◆ Raw data ◆
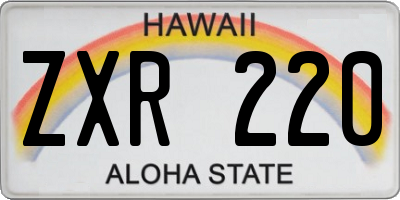 HI license plate ZXR220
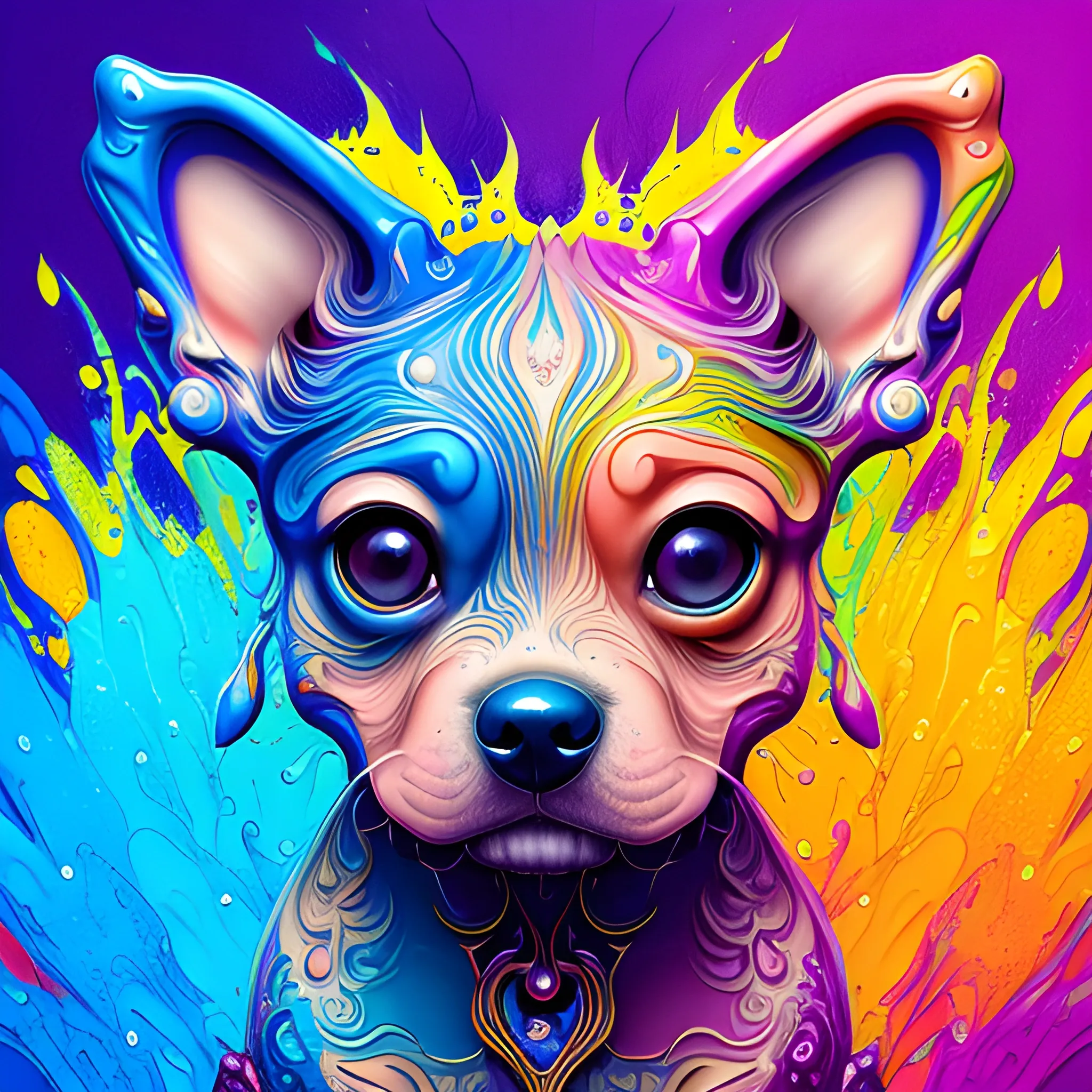 splash art by megan ducanson, a liquid cute puppy made of colour ...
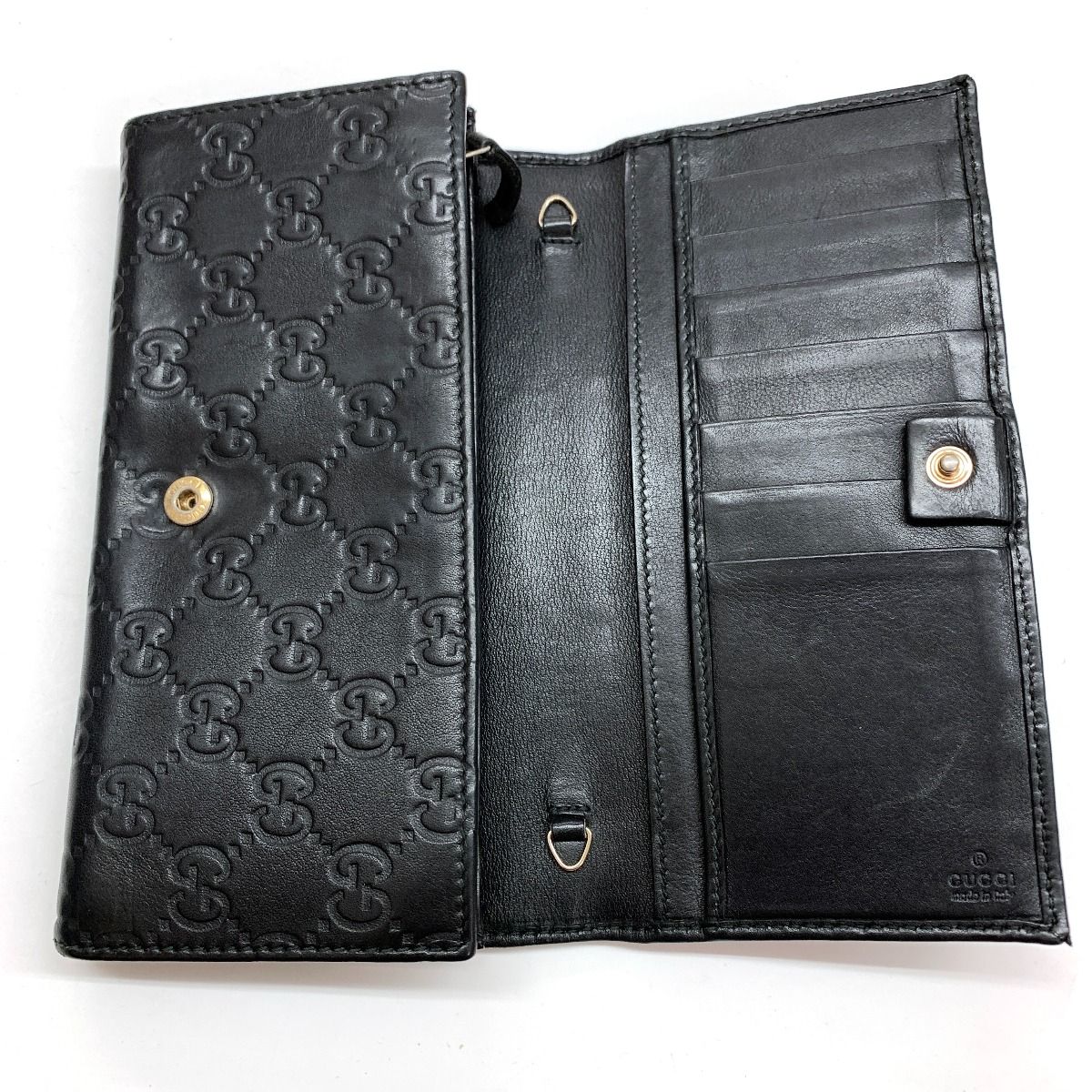 GUCCI グッチ グッチシマ 長財布 チェーン欠品 170426-2888 ブラック 
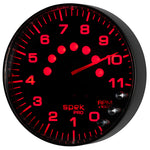 Autometer Spek-Pro Gauge Tachometer 5in 11K Rpm W/Shift Light & Peak Mem Black/Black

◆ Your task ◆
Give the listing again word for word, but drop every picture.

◆ Final answer ◆
 HI license plate ZXR220
 splash art by megan ducanson, a liquid cute puppy made of colour ...
 GUCCI グッチ グッチシマ 長財布 チェーン欠品 170426-2888 ブラック 
 Autometer Spek-Pro Gauge Tachometer 5in 11K Rpm W/Shift Light & Peak Mem Black/Black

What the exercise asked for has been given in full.